As the men search Gatsby’s house for the illusive cigarettes, Gatsby fills Nick in on the real story. For the first time in the novel, Gatsby sets aside his romantic view of life and confronts the past he has been trying to run from, as well as the present he has been trying to avoid. Daisy, it turns out, captured Gatsby’s love largely because “she was the first ‘nice’ girl he had ever known.” She moved in a world Gatsby aspired to and unlike other people of that particular social set, she acknowledged Gatsby’s presence in that world. Although he doesn’t admit it, his love affair with Daisy started early, when he erroneously defined her not merely by who she was, but by what she had and what she represented. All through the early days of their courtship, however, Gatsby tormented himself with his unworthiness, knowing “he was in Daisy’s house by a colossal accident,” although he led Daisy to believe he was a man of means. Although his original intention was to use Daisy, he found out that he was incapable of doing so. When their relation became intimate, he still felt unworthy, and with the intimacy, Gatsby found himself wedded, not to Daisy directly, but to the quest to prove himself worthy of her. (How sad that Gatsby’s judgment is so clouded with societal expectation that he can’t see that a young, idealistic man who has passion, drive, and persistence is worth more than ten Daisys put together.)

In loving Daisy, it turns out, Gatsby was trapped. On one hand, he loved her and she loved him, or more precisely, he loved what he envisionedher to be and she loved the persona he presented to her—and therein lies the rub. Both Daisy and Gatsby were in love with projected images and while Daisy didn’t realize this at first, Gatsby did, and it forced him more directly into his dream world. After the war (in which Gatsby really did excel), Gatsby could have returned home to Daisy. The only difficulty with that, however, would have been that in being with Daisy, he would run the risk of being exposed as an imposter. So, rather than risk having his dream disintegrate in front of him, he perpetuated his illusion by studying at Oxford before heading back to the States. Daisy’s letters begged him to return, not understanding why he wasn’t rushing back to be with her. She was missing the post-war euphoria sweeping the nation and she wanted her dashing officer by her side. Eventually Daisy moved again into society, feeling the need to have some stability and purpose in her life. However, Daisy’s lack of principle shows when she is willing to use love, money, or practicality (whichever was handier) to determine the direction of her life. She wanted to be married. When Tom arrived, he seemed the obvious choice, and so Daisy sent Gatsby a letter at Oxford.

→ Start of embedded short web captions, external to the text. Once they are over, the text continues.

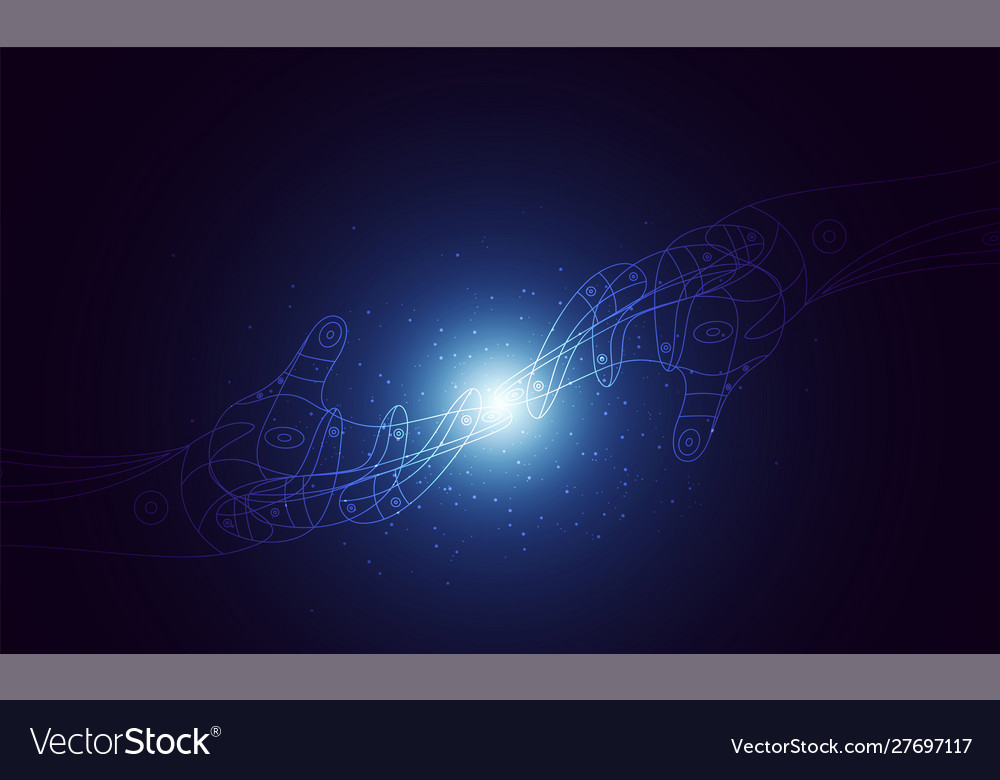 Robot hands touching with fingers from lines vector image Robot hands touching with fingers from lines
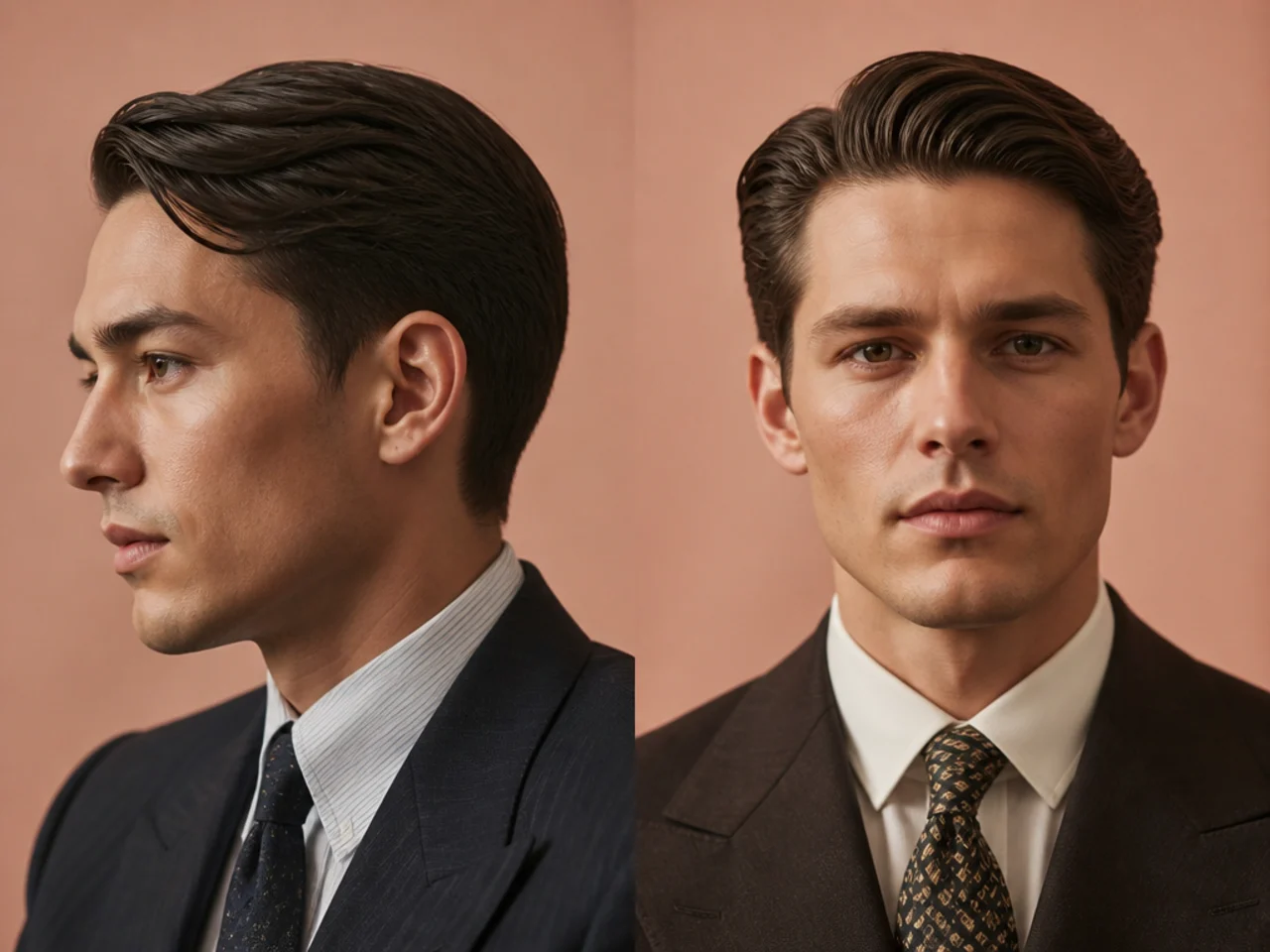 Manhattan prewar board meeting old money aesthetic haircut on a man in a navy pinstripe suit, three-inch sharp elevated side part, defined natural break, tight sides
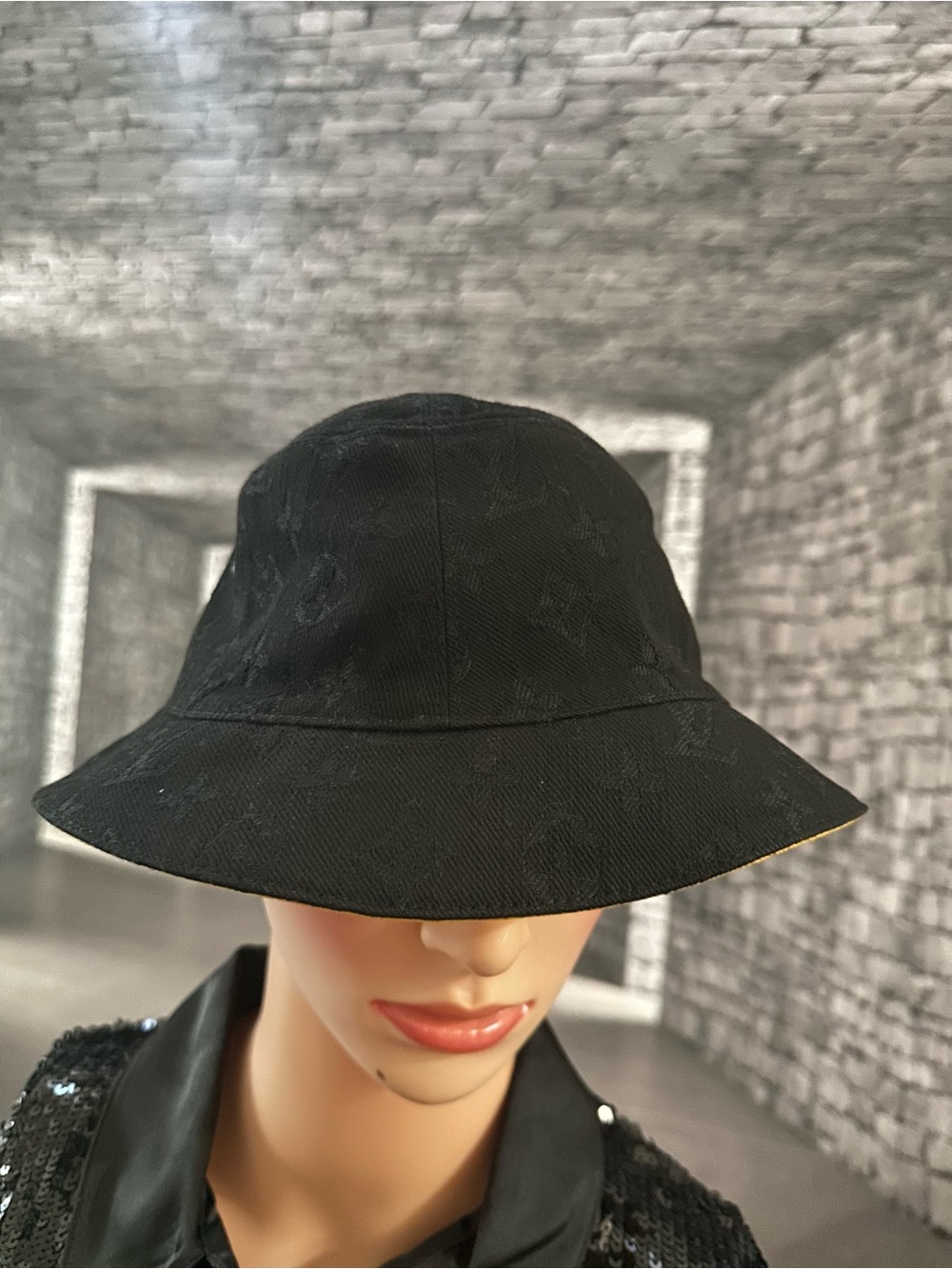 Louis Vuitton Black Monogram Bucket Hat Unisex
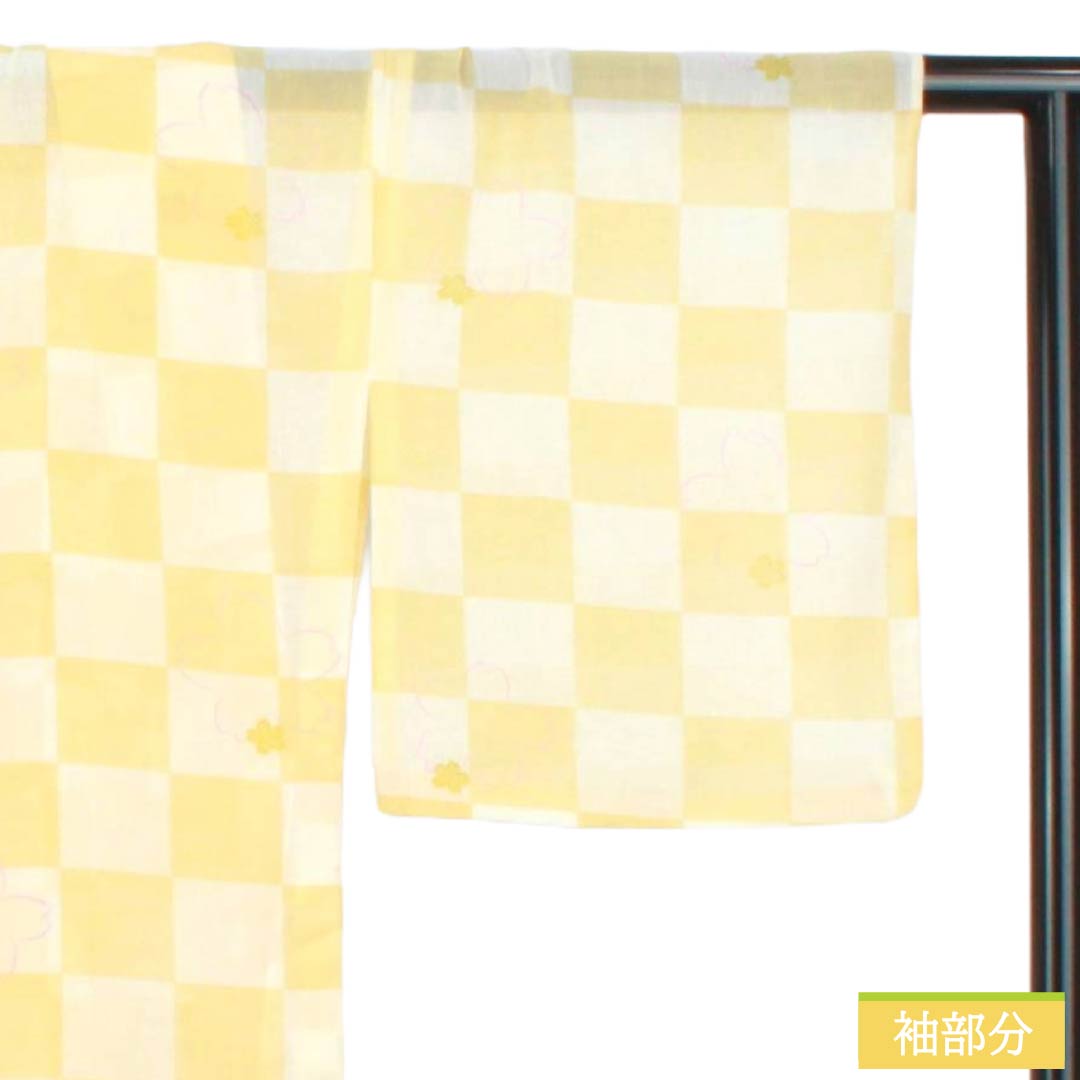 Summer Polyester Komon S Rank Length 167.5cm Sleeve Length 68cm Kikarakami-iro Checkered Sakura Washable Kimono Gauze Yellow 1132003542523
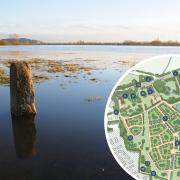 A 'mere' (boundary) stone on the flood plain, and part of the plan for the neighbouring estate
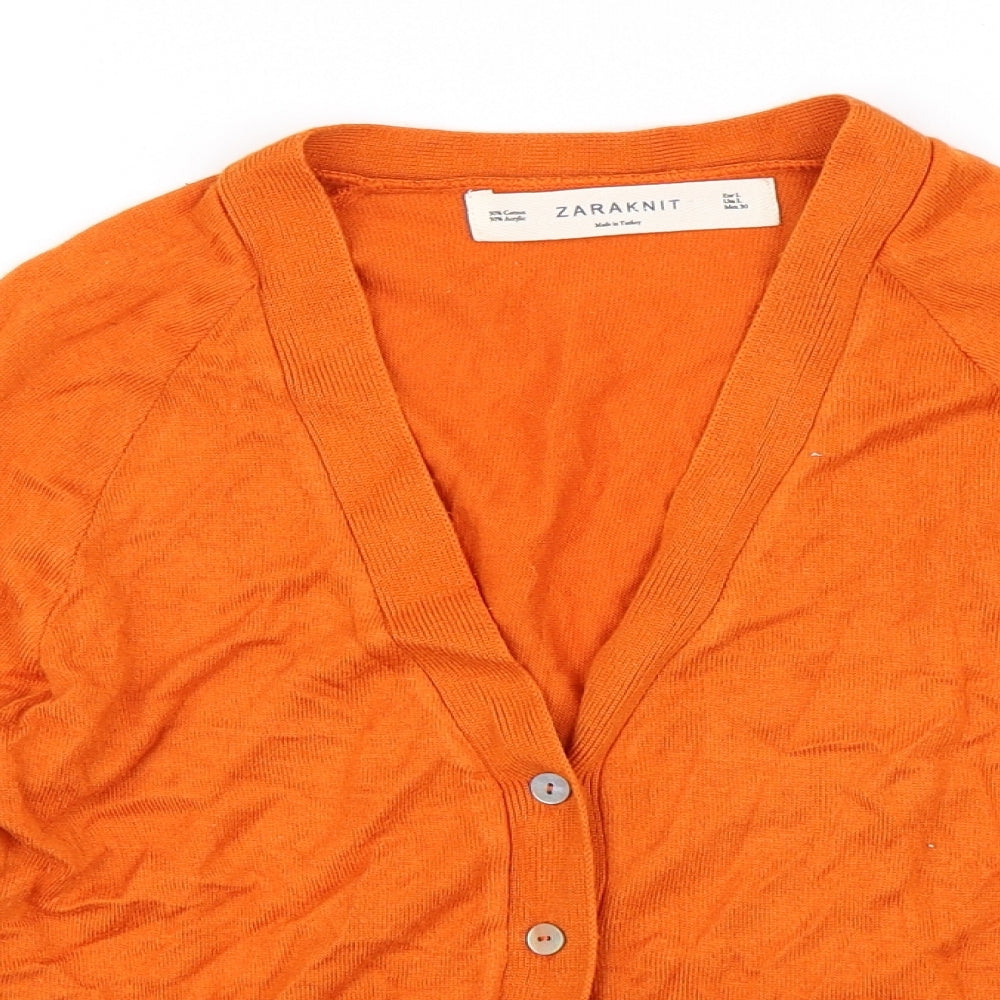 Zara Womens Orange   Cardigan Jumper Size L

The letter, it turns out, brought Gatsby back stateside. It is as if now that Daisy was married he could return and not have to fear being found out. He could carry his love for Daisy around with him, knowing full well that she was unobtainable. Although Gatsby isn’t likely to admit it, in a way, Daisy marrying Tom was the perfect solution to his situation because now that she was married to another, she need never know how poor he really was. After returning to the U.S., Gatsby travels to Louisville with his last bit of money, and there the quest begins in earnest. From this moment, he spends his days trying to recapture the beauty that he basked in while with young Daisy Fay.